Ran again, and did the faster pace with the longer stride. It works! I mean, I'm not any faster than Monday, but I was able to keep the same pace all the way through - longer strides and I was definitely going at a faster pace than runs previous to Monday. Jason and I have been running our same distances lately, and we basically run half our distance, then turn around and come back the same way. When he was coming back and I passed him much farther along than I normally do, he gave me a big thumbs up, and I just felt like a million bucks. Go, me!

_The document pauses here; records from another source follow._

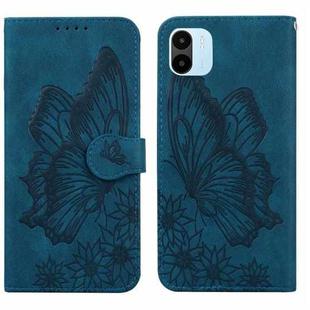 For Xiaomi Redmi A1 Retro Skin Feel Butterflies Embossing Horizontal Flip Leather Phone Case(Blue)
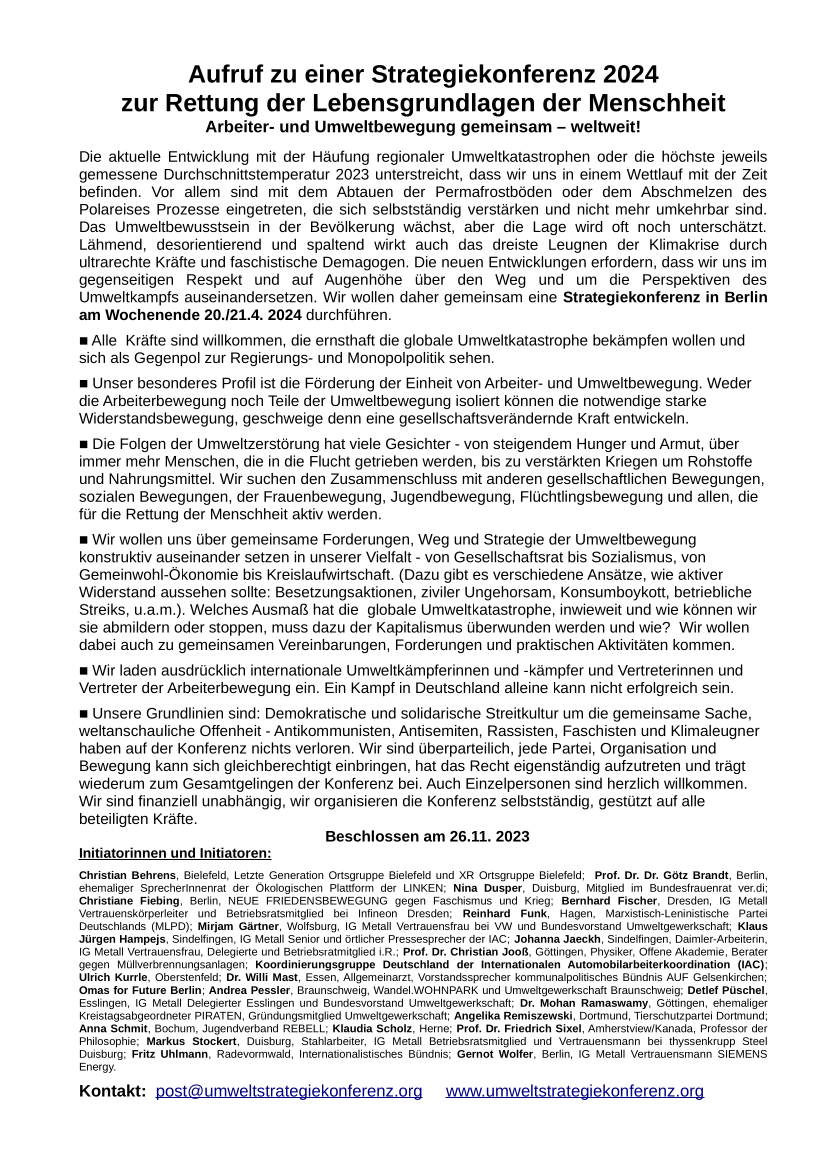 Aufruf Strategiekonferenz 2024 endend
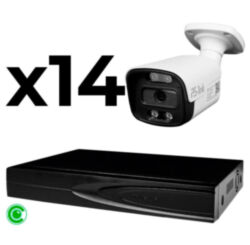 Комплект видеонаблюдения IP 8Мп  KIT-C814IP-ST 14 камер для улицы, умная аналитика, детекция человека, детекция автомобиля, область вторжения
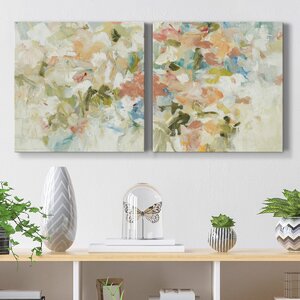 Red Barrel Studio® Floral Blush III Framed On Canvas 2 Pieces Print ...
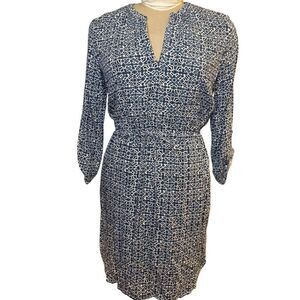 LOFT Geometric Print Dress Roll Tab Slvs Set In Waist Sz. S Cool Breathable Ligh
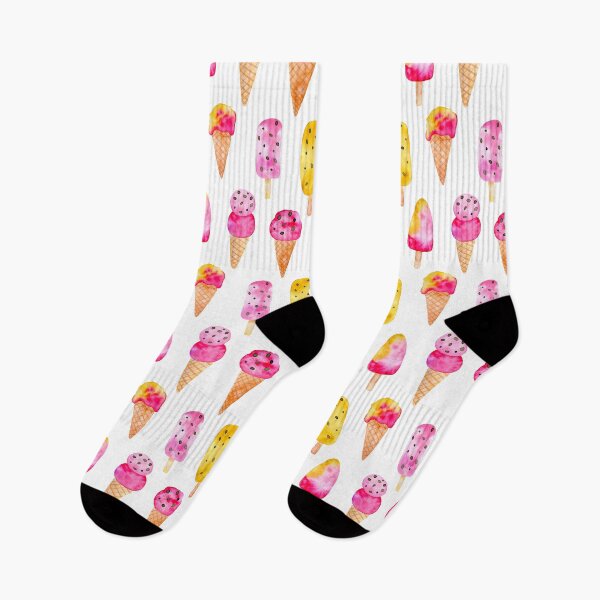 Item preview, Watercolor Pink Yellow ice cream cones designed and sold by Lia Midstream.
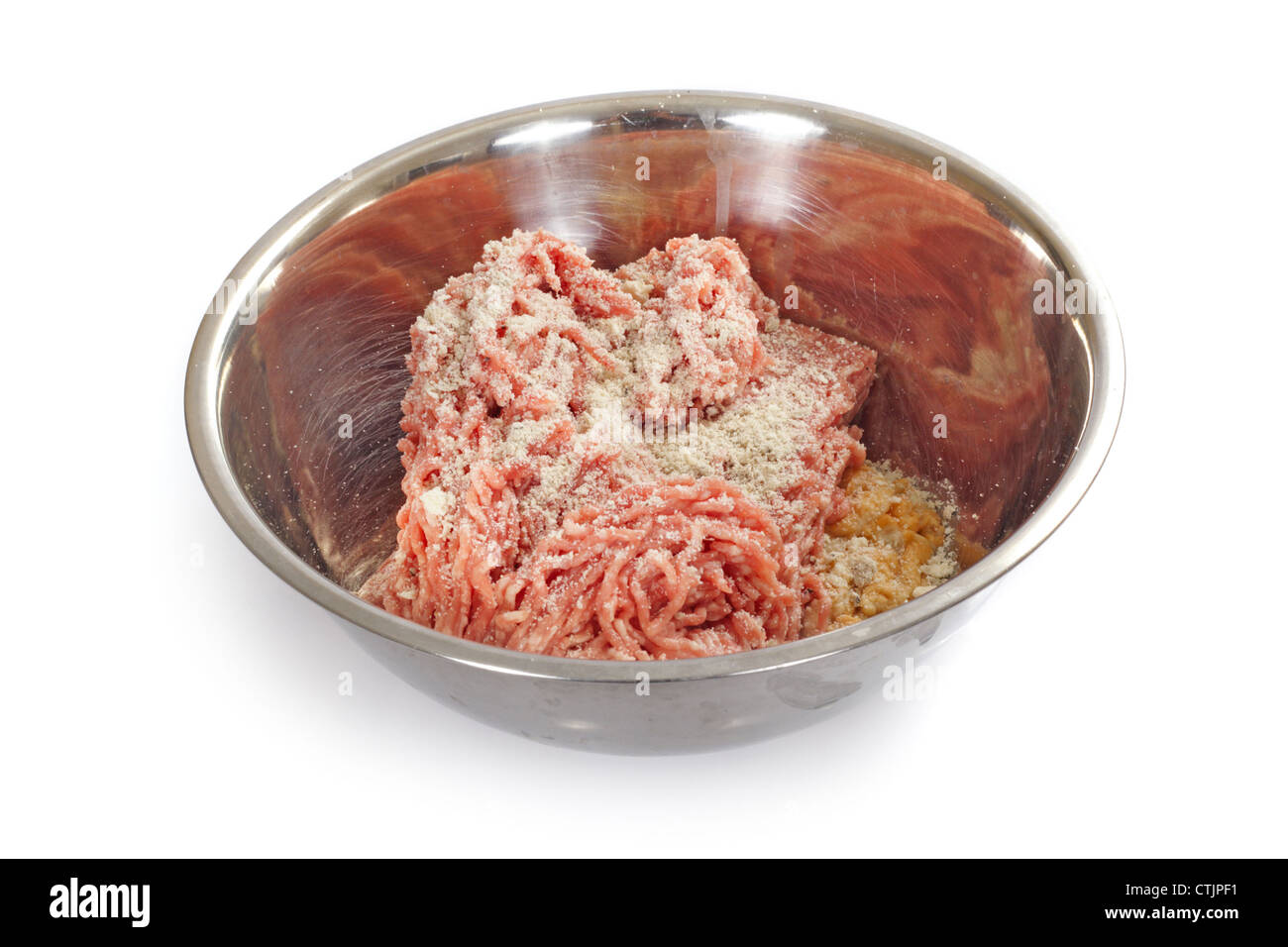 mince meat in bowl, photo on the white background Stock Photo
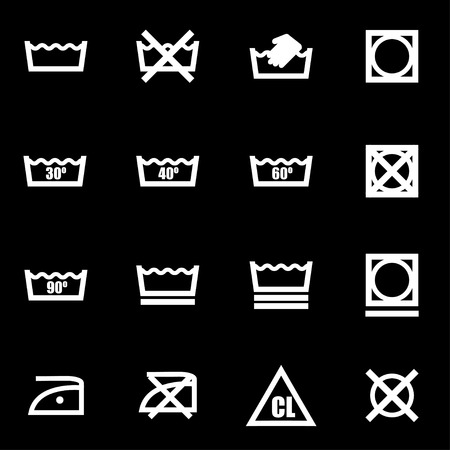  white washing signs  set on black backgroundのイラスト素材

I've been thinking a lot lately about the whole VA Tech mess - it's hard not to with it all over the news. My heart really goes out to Seung-Hui Cho's family - his parents, his sister - whose names are not at the top of people's "please pray for..." lists. I'm guessing that while they are not only mourning the loss of their son/brother, but feeling a great deal of shame, embarrassment, and hurt, too. Cho was a sick, sick guy, and I don't think there was much else that his family could have done. It's a sad reflection on the state of mental illness programs in the US nowadays: insurance companies really don't fund inpatient mental illness stays very well, and are especially stingy when it comes to patients with diagnoses like "antisocial (aka sociopath)" or those who generally act out. If Cho had been schizophrenic, it might be a different story - acting out is seen as just "being bad". Plus, the lack of MH resources meant that Cho's parents were likely ill-equipped to deal with their son's difficulties, were afraid or ashamed to seek help for it, or else just got shuffled around. It's a soapbox I could climb on and stay on all day, but I won't for now. Right now, it's too late, and there are a lot of grieving, hurting people out there, including the Cho family. It makes me feel both grateful and a little ashamed myself that the biggest problem in my life is a reflection of my blessings: the dimpling of my ass, the grades that hover just below A's in the nursing program I am able to attend, the dilemma over which direction to take with my new nursing career that is such a dream come true in itself.
I hope that we can come out of this tragedy with a sense of how much we need to care for our nation's mentally ill and provide more avenues for treatment so that events like Monday's can possibly be prevented. And I hope that our hearts are not hardened to families like Cho's who feel very alone right now, very scared, very ashamed, and still have to grieve the loss of their son/brother.